It’s the lottery of the day when citizens of America don’t have to be broke. Today, there are many options to meet expenses if the cash runs out before payday; one option is known as a Title Loan.
According to an article, “The Unintended Consequences of Cracking Down on Payday Lenders. Payday lenders aren’t the demonic entities they’re made out to be” to acquire this particular loan is fairly easy, “In a payday loan, the borrower writes a post-dated check to cover the loan amount, plus fees. In a car-title loan, the borrower puts up a vehicle as collateral. Since 2010 the number of car-title lending companies in Virginia has more than doubled. Last year, they made more than 128,000 loans, worth an aggregate $125 million. They also repossessed nearly 8,400 vehicles.”
Critics of the loans now lobby to lower interest rates, sources say. CNN reports, “According to a survey conducted for the campaign, 85 percent of Texas voters favor an interest rate cap of 36 percent, similar to rates on high-interest credit cards.The survey of 800 registered voters was conducted for two coalitions, the Texas Fair Lending Alliance and Texas Faith For Fair Lending, in connection with Texas Appleseed.

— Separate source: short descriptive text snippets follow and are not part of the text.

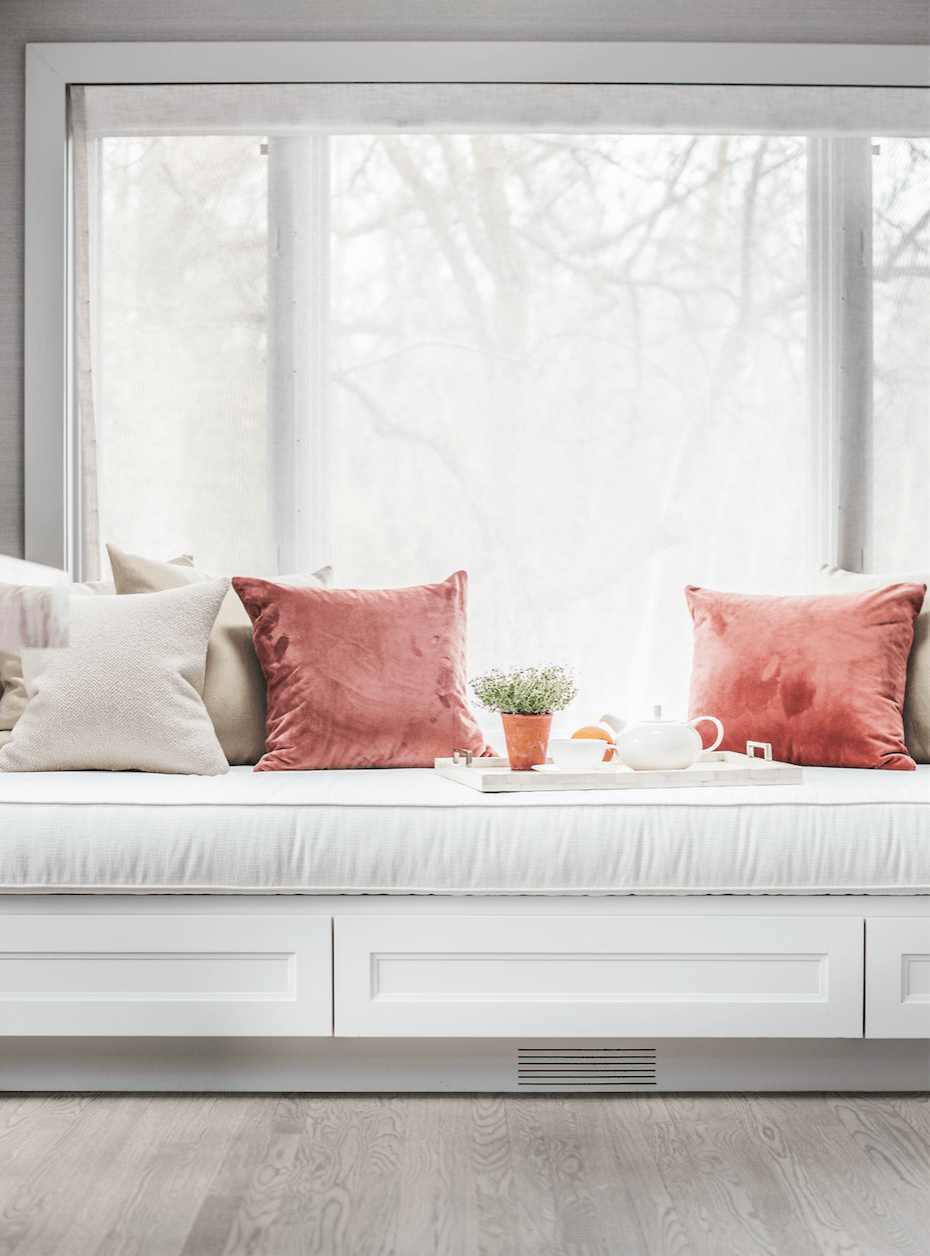 A window seat with pillows and a tray on it in a living room.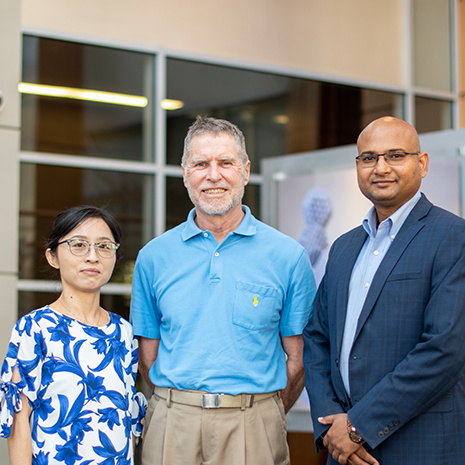 three faculty members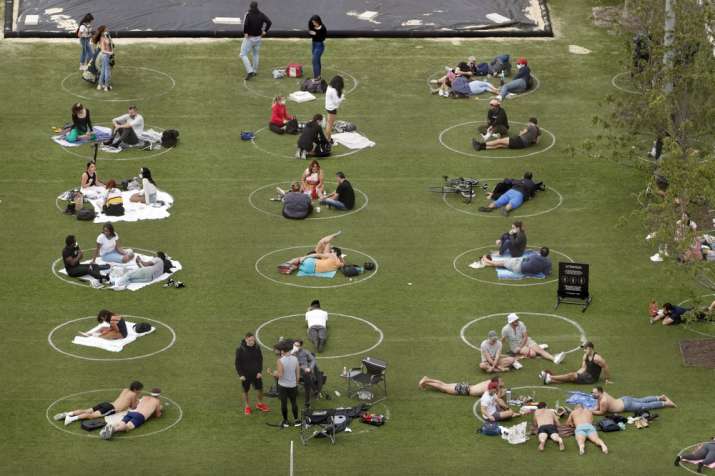 People relax in marked circles for proper social distancing at Domino Park in the Williamsburg neigh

Nearly three-dozen religious and consumer organizations are said to be involved in the coalitions.”
Also included with these entities is the well known Catholic Charities Dioceses of Texas who helps those in need.
The report adds further, “Car title lenders are in a different category than credit card companies or banks and work around usury laws. Thus, title loan lenders are able to charge triple digit annual percentage rates (APRs). Yes, triple digits. It’s not an exaggeration to see 250% APR and higher on these car tile loans and only a handful of states have passed strict laws that prohibit exorbitant percentage rates.”